21.9. Con la conseguenza che, nel caso di impugnazione di strumenti urbanistici, anche particolareggiati, o di loro varianti è ancor più necessaria l’allegazione di prove in ordine ai concreti pregiudizi subiti, che comunque non possono risolversi nel generico danno all’ordinato assetto del territorio, alla salubrità dell’ambiente e ad altri valori la cui fruizione potrebbe essere rivendicata da qualsiasi soggetto residente, anche non stabilmente, nella zona interessata dalla pianificazione.
22. Quanto ai paventati danni ambientali e alla salute, gli stessi non sono stati provati in modo concreto ed attuale, ma solo in via di ipotesi attraverso il ricorso a congetture, cosicché anche per tale profilo non può sostenersi la sussistenza dell’interesse a ricorrere.
22.1. In materia di tutela contro i danni all’ambiente, l’interesse ad agire può essere riconosciuto solo se gli stessi sono debitamente evidenziati in ricorso.
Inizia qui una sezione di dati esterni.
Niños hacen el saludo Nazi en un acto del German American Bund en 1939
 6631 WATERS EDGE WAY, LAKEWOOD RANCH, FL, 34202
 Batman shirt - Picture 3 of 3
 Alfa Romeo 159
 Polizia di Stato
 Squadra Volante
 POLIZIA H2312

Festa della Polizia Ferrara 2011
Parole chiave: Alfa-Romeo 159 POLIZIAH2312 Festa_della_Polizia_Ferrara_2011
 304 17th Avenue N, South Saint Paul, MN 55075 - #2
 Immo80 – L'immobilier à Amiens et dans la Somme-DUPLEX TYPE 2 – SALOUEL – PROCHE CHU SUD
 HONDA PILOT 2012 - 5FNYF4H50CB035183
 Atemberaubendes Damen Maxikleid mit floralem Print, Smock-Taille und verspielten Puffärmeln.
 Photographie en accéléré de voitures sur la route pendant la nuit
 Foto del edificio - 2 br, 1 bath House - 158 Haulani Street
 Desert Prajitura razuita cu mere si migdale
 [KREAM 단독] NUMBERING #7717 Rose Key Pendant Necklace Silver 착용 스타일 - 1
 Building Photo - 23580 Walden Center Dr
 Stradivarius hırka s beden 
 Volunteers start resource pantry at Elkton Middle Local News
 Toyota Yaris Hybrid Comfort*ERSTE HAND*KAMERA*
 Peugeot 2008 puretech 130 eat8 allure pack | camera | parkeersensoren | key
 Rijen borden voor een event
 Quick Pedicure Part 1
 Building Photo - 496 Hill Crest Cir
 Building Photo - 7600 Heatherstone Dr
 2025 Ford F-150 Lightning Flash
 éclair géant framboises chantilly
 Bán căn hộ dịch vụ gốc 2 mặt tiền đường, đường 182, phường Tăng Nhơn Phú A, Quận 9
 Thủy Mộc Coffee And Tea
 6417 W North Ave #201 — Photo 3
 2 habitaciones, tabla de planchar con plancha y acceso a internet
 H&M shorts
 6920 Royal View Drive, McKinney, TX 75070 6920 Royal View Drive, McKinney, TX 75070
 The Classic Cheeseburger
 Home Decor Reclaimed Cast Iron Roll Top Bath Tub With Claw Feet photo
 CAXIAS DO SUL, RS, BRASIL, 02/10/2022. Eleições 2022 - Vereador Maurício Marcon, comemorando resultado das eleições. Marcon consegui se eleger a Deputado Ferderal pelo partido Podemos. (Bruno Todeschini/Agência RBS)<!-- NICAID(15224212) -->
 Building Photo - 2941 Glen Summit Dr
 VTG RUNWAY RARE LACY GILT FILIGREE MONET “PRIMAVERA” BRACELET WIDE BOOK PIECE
Se, infatti, la tutela ambientale può svilupparsi anche mediante l’impugnativa degli atti aventi finalità urbanistica, non si può al contempo eludere la necessità che siano proposte censure sorrette da una specifica istanza di protezione degli interessi ambientali, da realizzare attraverso l’annullamento, totale o parziale, dello strumento urbanistico (cfr. Cons. Stato, sez. IV, 30 settembre 2005, n. 5205).
23. La conferma delle conclusioni della sentenza impugnata rende superfluo l’esame degli ulteriori motivi di appello.
24. Per le ragioni sopra esposte l’appello va respinto e, per l’effetto, va confermata la sentenza impugnata.
25. Per gli appellanti signori St. Sc. e Pi. Co. l’appello va invece dichiarato estinto ai sensi dell’art. 35, comma 2, lettera c), c.p.a.
26. Le spese di giudizio, attesa la novità della questione in fatto ad esso sottesa, possono essere compensate tra tutte le parti ex artt. 26, comma 1, c.p.a. e 92, comma 2, c.p.c.
27. Tutti i ricorrenti in appello sono da considerarsi soccombenti ai fini del pagamento del contributo unificato.

P.Q.M.

Il Consiglio di Stato in sede giurisdizionale

Sezione Quarta,

definitivamente pronunciando sul ricorso, come in epigrafe proposto:
a) dichiara estinto il giudizio di appello con riferimento ai ricorrenti St. Sc. e Pi. Co.;
b) respinge l’appello proposto dai restanti ricorrenti;
c) conferma l’impugnata sentenza;
d) compensa tra tutte le parti le spese del presente grado di giudizio.
Ordina che la presente sentenza sia eseguita dall’autorità amministrativa.
Così deciso in Roma nella camera di consiglio del giorno 12 dicembre 2019 con l’intervento dei magistrati:
Vito Poli – Presidente
Luca Lamberti – Consigliere
Nicola D’Angelo – Consigliere, Estensore
Silvia Martino – Consigliere
Giuseppa Carluccio – Consigliere

 

 

In caso di diffusione omettere le generalità e gli altri dati identificativi dei soggetti interessati nei termini indicati.